The union has focused on boosting staff, suggesting that could be funded by increasing taxes on the wealthiest Chicagoans and minimizing funding for development projects like the controversial Lincoln Yard development.
Several teachers interviewed by Chalkbeat stressed their schools need more case managers, social workers and special ed staff.
The two reports are competing narratives offered to fact-finder and attorney Steven Bierig, who was also a fact-finder in the union’s last negotiations with the city and who will write a report on the viability of each side’s proposals. In 2016, Bierig agreed in part with both the district and the union.
Both sides will argue that their proposals are the most affordable, says University of Illinois at Urbana-Champaign labor Professor Bob Bruno.

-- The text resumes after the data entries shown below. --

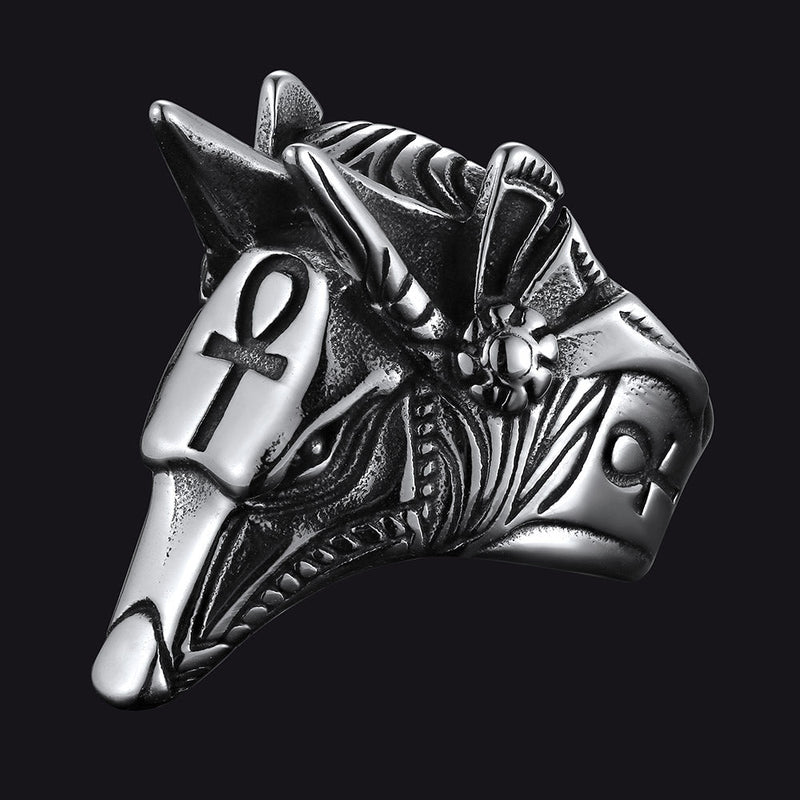 Ancient Egyptian Anubis Ring With Ankh Cross for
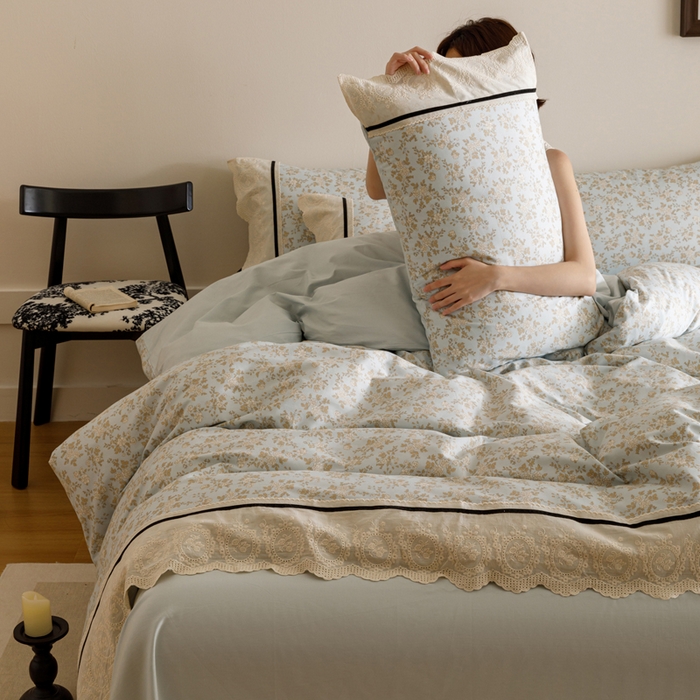 91家纺网 家纺一手货源 找家纺 （总）卡姿家纺 2025新款小法式镂空棉布花边款四件套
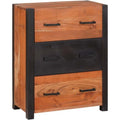 Buffet en bois d acacia massif marron 55 x 30 x 75 cm avec tiroir et rangement polyvalent pour sejour ou espace repas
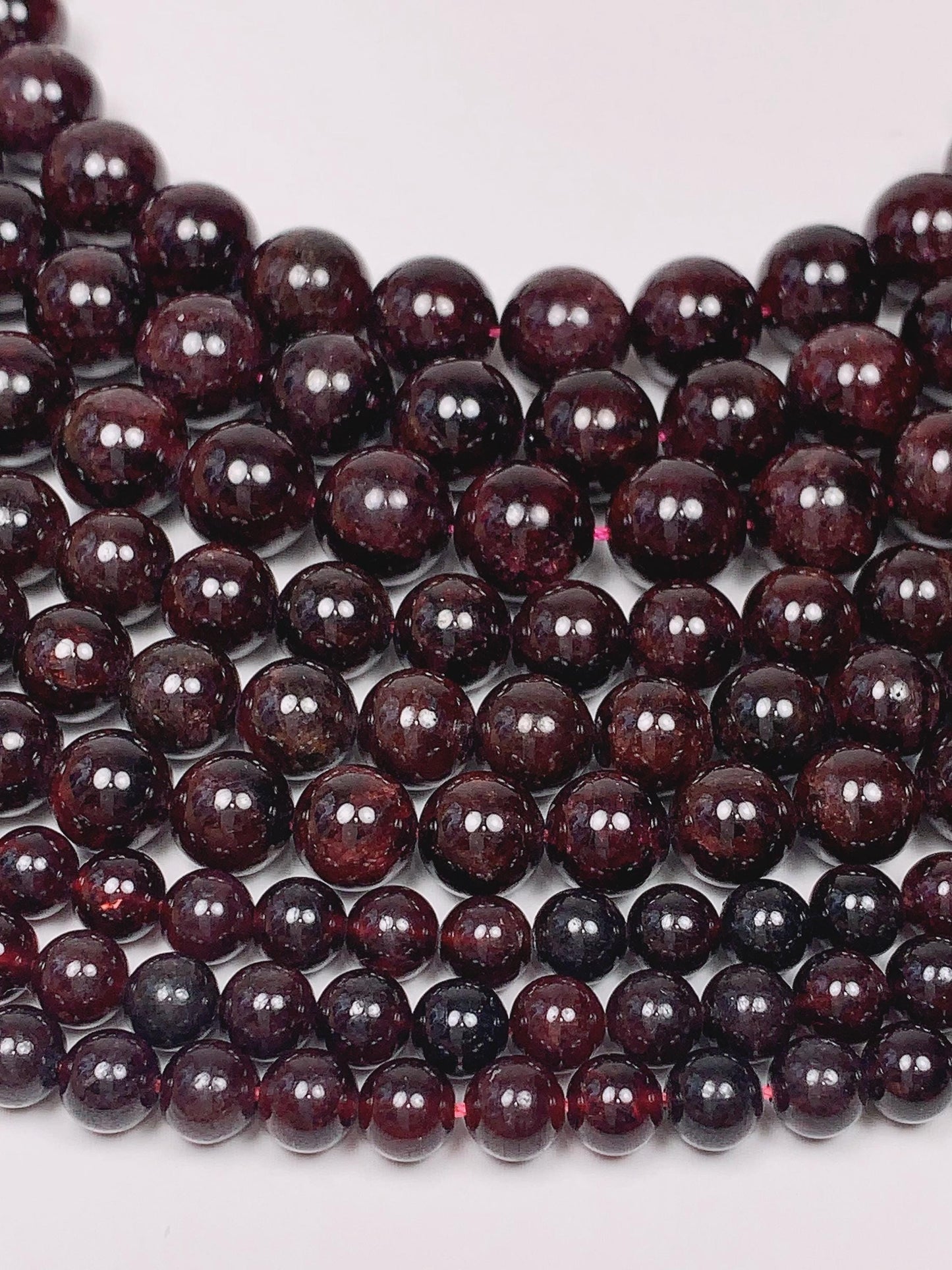 Genuine Natural Red Garnet Smooth Round Beads 15.5" Strand Gemstone  6mm 8mm 10mm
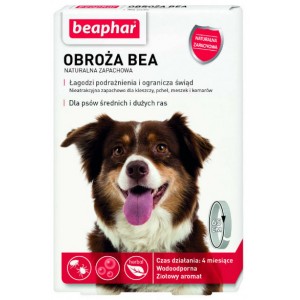 BEAPHAR Obroża BEA naturalna zapachowa M/L - obroża ochronna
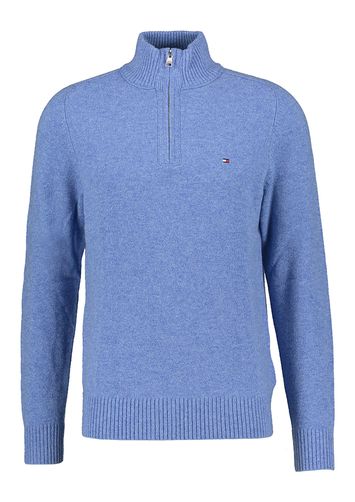 Blauwe pull met korte rits en merklogo Tommy Hilfiger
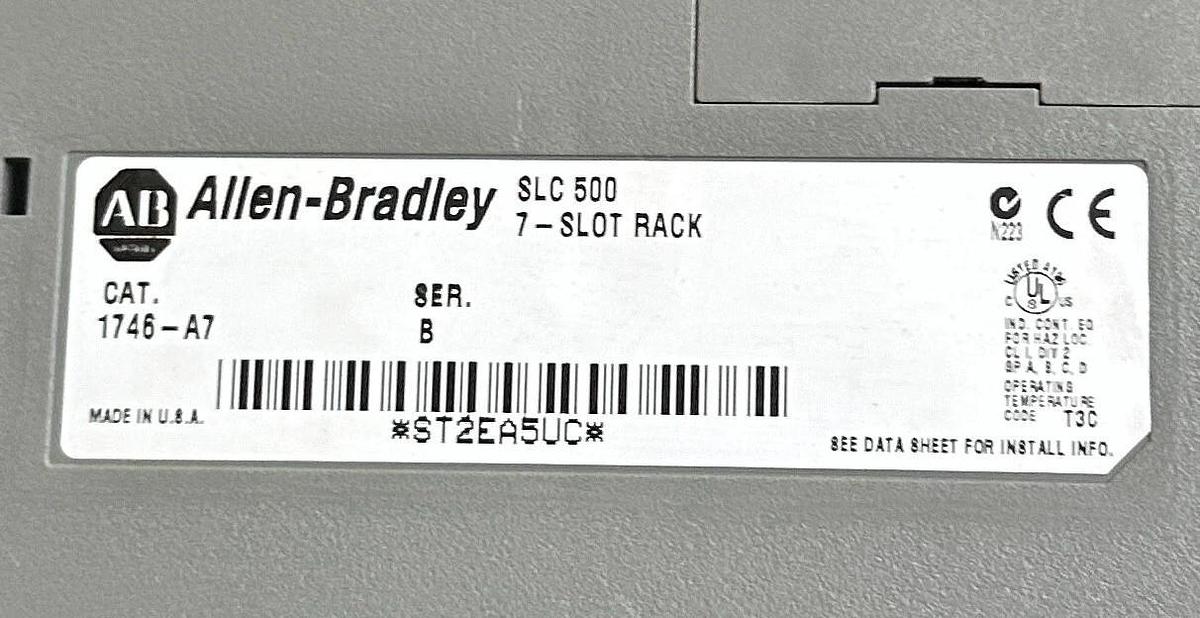 Used ALLEN BRADLEY 1746-P2 /C SLC 500 POWER SUPPLY W/ 1746-A7 /B 7-SLOT PLC CHASSIS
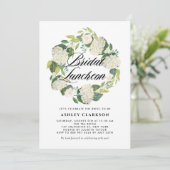 Waterverf Witte Hortensia Krans Bruids Luncheon Kaart (Staand voorkant)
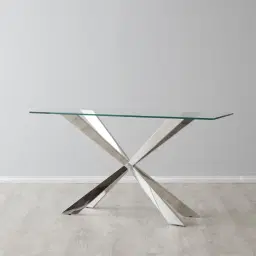 Lena Polished Stainless Steel Console Table - Glass Top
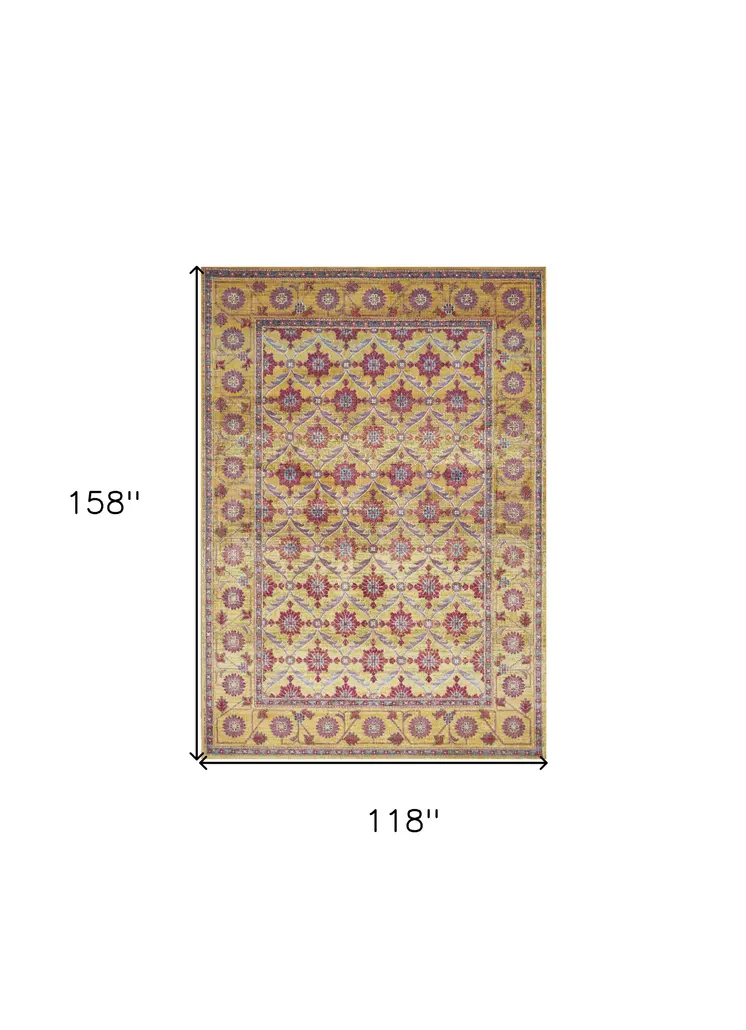 10' X 13' Blue Red and Gold Floral Area Rug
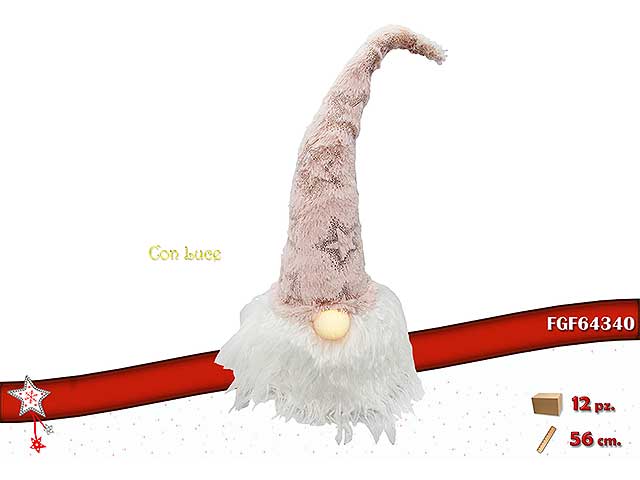 testa gnomo 28x28x56 c/naso luminoso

“Both sides have a strong incentive to attempt to persuade a fact-finder that their position is affordable and appropriate given the resources that are available,” said Bruno, who testified in the 2016 contract negotiations at the request of the union.
With the start of the school year barely seven weeks away, the Chicago Teachers Union on Thursday gave the city a month to make a deal and released a minute-long video of rank-and-file educators explaining why they’re pushing so hard on contract negotiations.
Union officials said now they plan to bring the city’s contract proposals for a vote by their membership. And if significant progress in negotiations isn’t made, union officials said they plan to move toward a strike authorization vote.